I've recently re-connected with an old friend. X and I first met in 1993 and were good friends for years, then kind of lost regular touch after he got married.
He and his wife are no longer together, having divorced last year. My parents always had this mentality (and still have it) that married people cannot and should not be friends with the opposite gender. They are so adamant about this that even though I strongly disagree and believe that men and women can be "just friends," I think I let their attitude affect mine.
He and I have been texting and talking on the phone and he sent me a picture from the 90s, when we hung out together and had a lot of fun, going to the movies, amusement parks and day trips. After he sent it to me, he told me that he got it from a photo album his mom kept of the two of us. "My mom always liked you," he said.
This hit the part of me hard that always wanted to be "normal." I guess maybe this didn't surprise me too much as his mother was always so nice to me. I still remember having a lovely time sitting at the same table with her at my friend's wedding.
Hearing X say this made me feel good, but also made me think that I think I always longed for the "extended family" part of normal more than the boyfriend/husband part of normal. And even though I couldn't want the normal that I wanted to want or if I had been someone who wanted that, there would still have been the "what's wrong with him that he says he likes me?" aspect.
I think if X and I had gotten married (he told me his mother actually told him she had hoped we would) that I would have gotten along well with his large and friendly family. His father was a little gruff, but still kind and X’s brothers and sisters always had such a welcoming aura. They all made me re-think that not all families are terribly dysfunctional.
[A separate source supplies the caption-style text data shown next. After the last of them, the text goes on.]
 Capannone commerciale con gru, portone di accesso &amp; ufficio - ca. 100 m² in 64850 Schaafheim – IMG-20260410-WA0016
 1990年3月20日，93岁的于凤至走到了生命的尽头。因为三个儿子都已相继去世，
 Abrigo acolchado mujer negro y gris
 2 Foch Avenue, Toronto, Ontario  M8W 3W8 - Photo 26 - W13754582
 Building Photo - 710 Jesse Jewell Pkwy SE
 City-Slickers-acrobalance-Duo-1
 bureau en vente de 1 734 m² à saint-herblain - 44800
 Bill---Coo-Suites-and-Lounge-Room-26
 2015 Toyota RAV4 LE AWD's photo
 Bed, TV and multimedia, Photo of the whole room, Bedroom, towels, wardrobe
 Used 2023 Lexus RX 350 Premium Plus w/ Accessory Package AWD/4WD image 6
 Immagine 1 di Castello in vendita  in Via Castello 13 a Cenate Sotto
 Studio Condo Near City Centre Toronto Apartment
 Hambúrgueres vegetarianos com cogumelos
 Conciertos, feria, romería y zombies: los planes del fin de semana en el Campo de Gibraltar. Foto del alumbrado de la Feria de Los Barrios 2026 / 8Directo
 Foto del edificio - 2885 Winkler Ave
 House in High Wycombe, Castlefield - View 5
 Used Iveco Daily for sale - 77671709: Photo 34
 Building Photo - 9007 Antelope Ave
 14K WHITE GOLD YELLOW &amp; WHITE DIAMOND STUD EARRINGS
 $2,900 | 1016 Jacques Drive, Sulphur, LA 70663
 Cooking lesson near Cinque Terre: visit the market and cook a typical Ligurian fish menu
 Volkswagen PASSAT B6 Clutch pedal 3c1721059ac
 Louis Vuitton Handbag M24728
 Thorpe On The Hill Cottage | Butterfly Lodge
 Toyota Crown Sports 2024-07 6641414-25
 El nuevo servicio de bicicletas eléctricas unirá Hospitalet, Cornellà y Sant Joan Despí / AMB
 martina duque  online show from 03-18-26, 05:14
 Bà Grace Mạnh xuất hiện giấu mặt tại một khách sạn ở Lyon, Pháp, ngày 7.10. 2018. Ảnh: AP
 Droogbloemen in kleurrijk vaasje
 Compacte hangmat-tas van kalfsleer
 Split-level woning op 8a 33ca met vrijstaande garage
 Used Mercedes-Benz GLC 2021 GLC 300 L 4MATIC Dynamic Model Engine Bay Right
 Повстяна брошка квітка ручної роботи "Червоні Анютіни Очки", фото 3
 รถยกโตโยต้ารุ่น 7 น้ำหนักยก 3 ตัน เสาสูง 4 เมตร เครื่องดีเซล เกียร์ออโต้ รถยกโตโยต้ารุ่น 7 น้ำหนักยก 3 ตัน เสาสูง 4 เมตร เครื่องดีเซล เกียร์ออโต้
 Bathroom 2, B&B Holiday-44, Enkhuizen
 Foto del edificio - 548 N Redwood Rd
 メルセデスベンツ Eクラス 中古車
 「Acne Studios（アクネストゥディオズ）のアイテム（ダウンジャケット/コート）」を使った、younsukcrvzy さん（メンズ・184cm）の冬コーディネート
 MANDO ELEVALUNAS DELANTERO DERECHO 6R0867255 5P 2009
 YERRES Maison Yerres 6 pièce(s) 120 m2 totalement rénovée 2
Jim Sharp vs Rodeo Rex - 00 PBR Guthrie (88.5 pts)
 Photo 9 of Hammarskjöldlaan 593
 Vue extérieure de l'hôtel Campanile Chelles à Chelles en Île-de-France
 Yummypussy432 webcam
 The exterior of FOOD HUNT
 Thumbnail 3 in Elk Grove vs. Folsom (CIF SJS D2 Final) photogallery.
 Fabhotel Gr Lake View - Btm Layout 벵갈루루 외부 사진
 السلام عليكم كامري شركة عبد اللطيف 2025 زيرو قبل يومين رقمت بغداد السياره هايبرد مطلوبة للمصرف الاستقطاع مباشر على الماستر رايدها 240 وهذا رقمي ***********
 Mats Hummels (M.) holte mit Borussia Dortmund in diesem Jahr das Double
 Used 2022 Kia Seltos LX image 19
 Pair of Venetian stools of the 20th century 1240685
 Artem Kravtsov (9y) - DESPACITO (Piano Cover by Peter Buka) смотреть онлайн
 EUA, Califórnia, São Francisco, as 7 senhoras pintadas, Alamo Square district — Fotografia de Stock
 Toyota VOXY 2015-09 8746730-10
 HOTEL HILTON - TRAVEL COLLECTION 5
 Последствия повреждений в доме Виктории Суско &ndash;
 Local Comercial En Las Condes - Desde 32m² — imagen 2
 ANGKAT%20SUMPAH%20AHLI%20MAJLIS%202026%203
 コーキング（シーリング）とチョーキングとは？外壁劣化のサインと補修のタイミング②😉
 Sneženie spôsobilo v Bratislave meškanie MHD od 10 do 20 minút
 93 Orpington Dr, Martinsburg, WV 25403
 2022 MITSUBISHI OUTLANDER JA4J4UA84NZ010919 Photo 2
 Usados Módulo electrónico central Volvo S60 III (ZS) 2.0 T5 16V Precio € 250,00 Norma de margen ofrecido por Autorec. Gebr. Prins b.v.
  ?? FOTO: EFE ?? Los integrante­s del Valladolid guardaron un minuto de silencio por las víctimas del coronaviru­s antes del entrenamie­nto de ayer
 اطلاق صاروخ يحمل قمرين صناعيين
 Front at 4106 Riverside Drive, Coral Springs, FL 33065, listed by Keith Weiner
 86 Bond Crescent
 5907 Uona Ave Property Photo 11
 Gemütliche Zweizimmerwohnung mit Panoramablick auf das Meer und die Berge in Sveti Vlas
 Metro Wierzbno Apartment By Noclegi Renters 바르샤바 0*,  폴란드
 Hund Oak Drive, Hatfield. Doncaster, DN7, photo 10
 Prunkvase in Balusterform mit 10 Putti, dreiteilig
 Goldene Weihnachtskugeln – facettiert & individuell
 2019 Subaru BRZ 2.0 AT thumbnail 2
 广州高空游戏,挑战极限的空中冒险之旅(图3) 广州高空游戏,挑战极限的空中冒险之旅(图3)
A lot of people possibly hesitate to marry someone if that someone's family is "too much" or a stereotypical version of nosy, interfering and critical. Me? I liked X’s family so much I wanted to want to feel deep things for him. Because we were good friends and he loved dancing and cats as much as I do I thought I could will it to happen.
I looked at the picture he sent a lot the other night and I couldn't help but notice I looked happy, possibly even "radiant," a word no one ever could use to describe me now. I have no illusions about my looks, but that picture shows a me that is nowhere near as unattractive as I am now.
If I had a time machine, there are so many things I would want to go back and change or re-live. But then I remember how incredibly hard I tried (like really, really tried!) to conjure up romantic and emotional feelings that would have led to a good relationship and marriage and I know I just didn't have them.
One thing I would change in the 90s, though, is tell X that if I could have liked any man that way, it would have been him. He didn't know about me back then and I was so caught up in fear and trying to play a version of me that was a lie that I forgot about how lying hurt him.
Years later,when I did come out to him, he said he wished he had known sooner, that it would have explained so many things and that, like me (but in a different way) he wouldn't have wanted things to be a way they just couldn't.